On one sunny day in the middle of May, a group of fifth graders gathered around WPC ecologists Chris Tracey and Pete Woods as they discussed the differences between wild plants and cultivated plants. Using wild onions and garlic mustard growing in the school’s green space as an example, scientists discussed with the class some of the techniques that they use to identify plants in the wild. The class then discussed the importance of native species and the impact of invasive plants.
This was just one many activities WPC staff coordinated for the Scientists in Schools participants in Fulton Elementary School’s Nature Yard. Conservancy staff coordinated and participated in the pilot project, a program that introduces Pittsburgh-area school students to ecologists, botanists and other scientists and encourages children to explore science through interactive activities.
The school, located in the Highland Park neighborhood of Pittsburgh, received trees and other enhancements to its pre-existing Nature Yard through WPC’s School Grounds Greening project. It was also the first school to respond when the Conservancy advertised the Scientists in Schools program in a quarterly e-newsletter.
WPC staff worked with teachers throughout the planning process to ensure that each activity was tailored and grade-level appropriate. These interactive activities used the greenery planted on the school grounds as examples, along with materials that scientists use in the field every day. The project leveraged the in-depth knowledge of WPC’s ecologists and botanists to bring outdoor learning to life.

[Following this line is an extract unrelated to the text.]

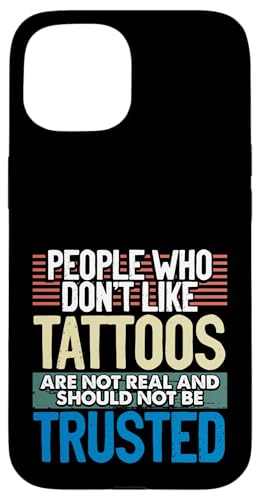 Tattooed People Who Don't Like Tattoos Not Real Tattoo �X�}�z�P�[�X iPhone 15 �p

At the event in early May, WPC field staff Lorelle Sherman and WPC intern Suzee King took fourth-grade students on a walk around the Nature Yard to identify plants such as star magnolias, creeping phlox, weeping cherry and paperbark maples. The students were studying the food chain in science class, so WPC staff discussed what adaptations plants might have in order to avoid becoming food. The thorned roses in the Nature Yard were used as a case study.
The day closed with a scavenger hunt, in which students were prompted to find a plant that was fragrant, listen to a sound made by nature and locate a spot that an animal or insect could use to hide.
At the second event, WPC ecologist Ephraim Zimmerman and King talked to a third-grade class about what plants and soil do for each other, what weeds are and how weeds can affect the soil quality for other plants. Students examined plants preserved in a plant press and talked about why scientists collect the type of plants they do. The activity ended with a nature-based scavenger hunt.
In addition to a discussion about wild and cultivated plants, the third Scientists in Schools session engaged fifth-grade students in a discussion about moss.
In all, Scientists in Schools gave about 150 students an opportunity to connect with WPC botanists, horticulturalist and ecologists, explore nature in a familiar setting and see the landscape at their school with new eyes. The pilot program also heightened students’ knowledge of the ecosystem in which they live and how they are connected to nature locally.